Archival quality matters for documents that enter regulatory or compliance workflows. PDF/A, the ISO standard for long-term archival, requires embedded fonts, device-independent color, and specific metadata structures. LaTeX can produce PDF/A-compliant documents natively with the right configuration, while browser-based generators require extensive post-processing to meet the standard. For clients in financial services or healthcare, where Pinpoint’s testing reports become part of audit trails, this compliance capability is table stakes.

Finally, server-side generation decouples the document from the user interface. The same API that generates a report for download can also generate it for email attachment, for archival storage, or for integration into a third-party document management system.
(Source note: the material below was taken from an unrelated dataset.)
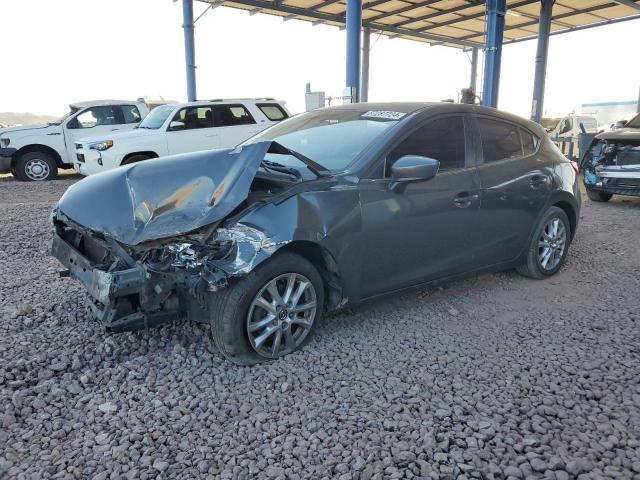  Salvage Mazda 3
The report becomes a data product with its own lifecycle, independent of the web application that requested it.

Why Pair Rust with LaTeX for Document Generation?

Rust and LaTeX serve fundamentally different roles in the pipeline, and their combination produces better results than either could achieve alone. Rust handles the orchestration: receiving the API request, querying the database for report data, transforming that data into LaTeX-compatible structures, invoking the LaTeX compiler, managing temporary files, uploading the result to S3, and returning a presigned download URL. LaTeX handles the typesetting: taking structured data and a template, then producing a pixel-perfect PDF according to rules that have been refined over four decades of academic and professional publishing.

I chose LuaLaTeX specifically rather than pdfLaTeX or XeLaTeX because of its modern font handling capabilities. LuaLaTeX supports OpenType and TrueType fonts natively through the fontspec package, which means I can use the same brand fonts that our design team specified without converting them to LaTeX’s legacy Type 1 format. The Lua scripting engine embedded in LuaLaTeX also provides an escape hatch for complex data transformations that would be cumbersome in pure TeX macros, though I rarely need it because Rust handles most of the data processing before the template stage.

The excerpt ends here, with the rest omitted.